What to produce. In the records that follow, find the line with "from 01/29/25, 03:12"; from there, retype every line exactly through the line with "Loving the look!", which also belongs to the answer.

Dataset extract.
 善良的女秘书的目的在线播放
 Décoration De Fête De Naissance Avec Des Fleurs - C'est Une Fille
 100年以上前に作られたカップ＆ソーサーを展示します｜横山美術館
* * *
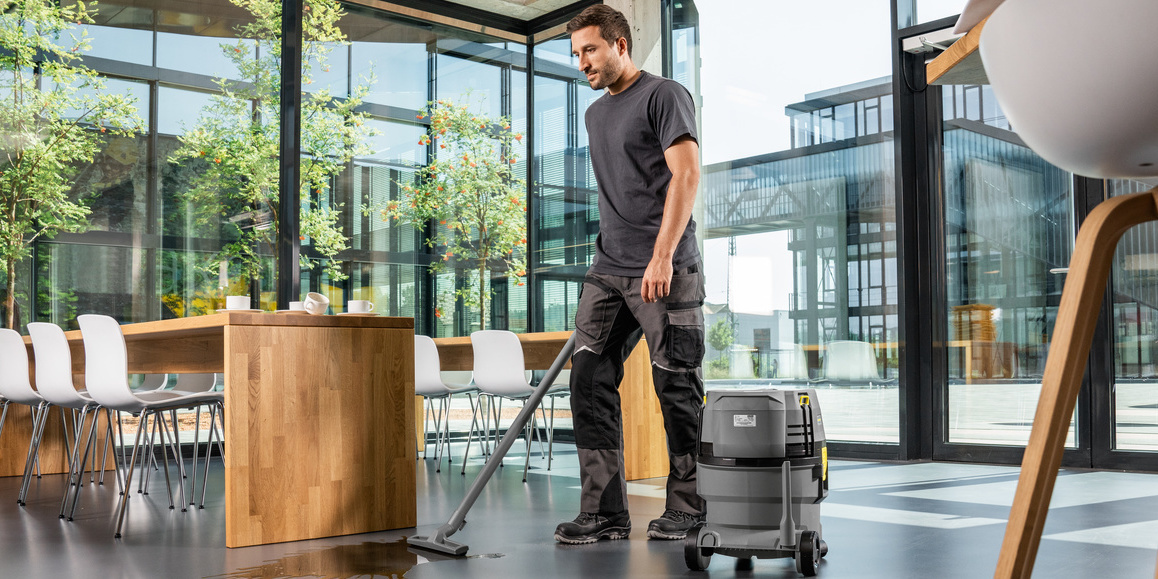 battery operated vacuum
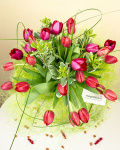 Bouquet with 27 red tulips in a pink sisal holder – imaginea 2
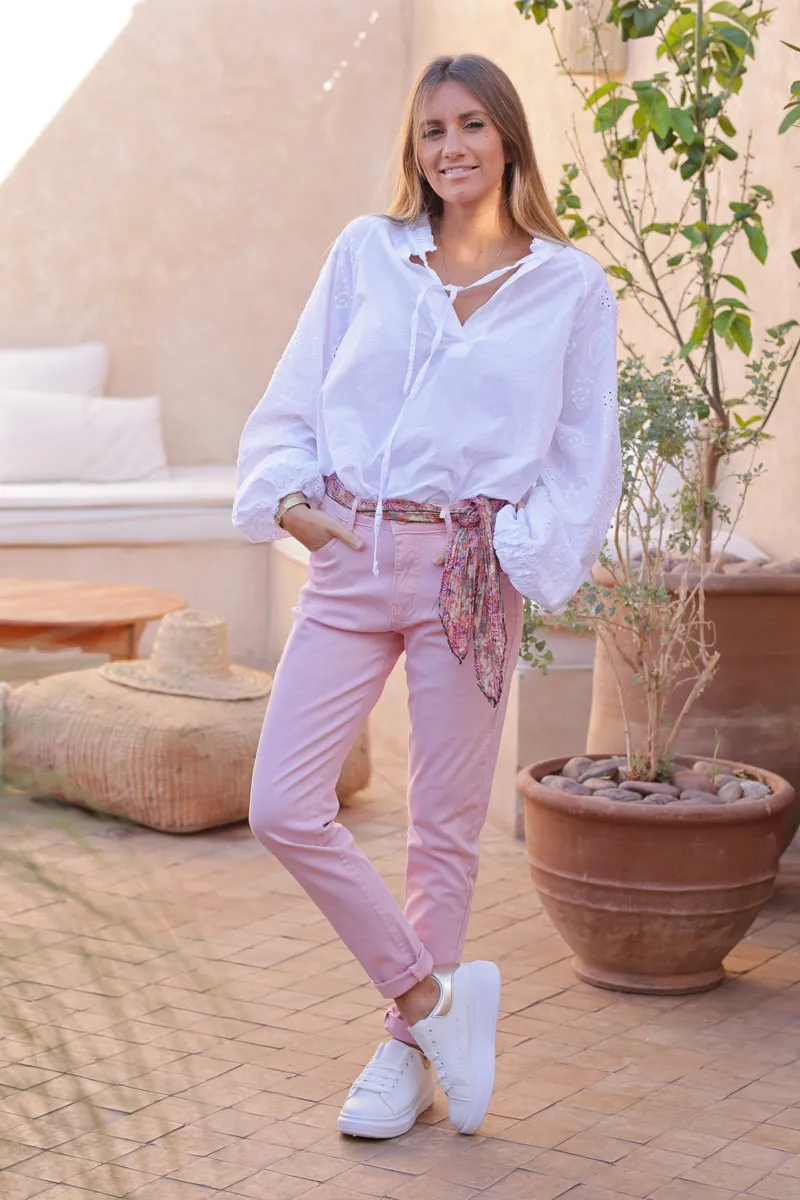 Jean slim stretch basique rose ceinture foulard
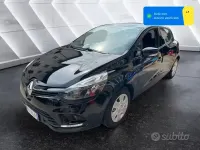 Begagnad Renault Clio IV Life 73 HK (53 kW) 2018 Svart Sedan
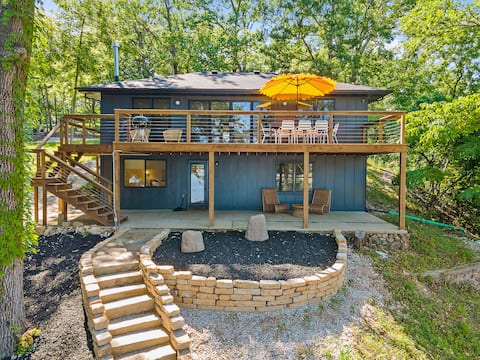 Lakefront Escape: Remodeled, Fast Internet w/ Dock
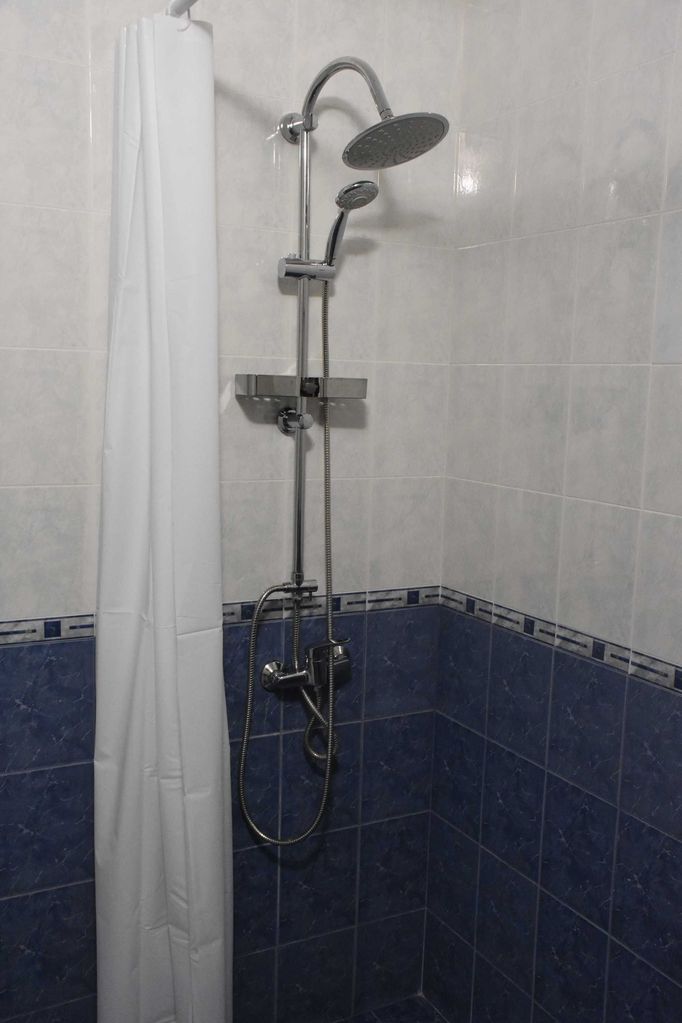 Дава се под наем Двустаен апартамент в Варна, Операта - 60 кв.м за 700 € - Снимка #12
--
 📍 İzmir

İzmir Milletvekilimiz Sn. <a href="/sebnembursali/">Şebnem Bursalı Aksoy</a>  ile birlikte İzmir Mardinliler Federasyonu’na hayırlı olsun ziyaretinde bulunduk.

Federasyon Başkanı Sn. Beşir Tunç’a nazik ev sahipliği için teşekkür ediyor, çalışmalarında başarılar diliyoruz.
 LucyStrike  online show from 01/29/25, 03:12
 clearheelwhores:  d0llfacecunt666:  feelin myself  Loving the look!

Reply to the task.
 LucyStrike  online show from 01/29/25, 03:12
 clearheelwhores:  d0llfacecunt666:  feelin myself  Loving the look!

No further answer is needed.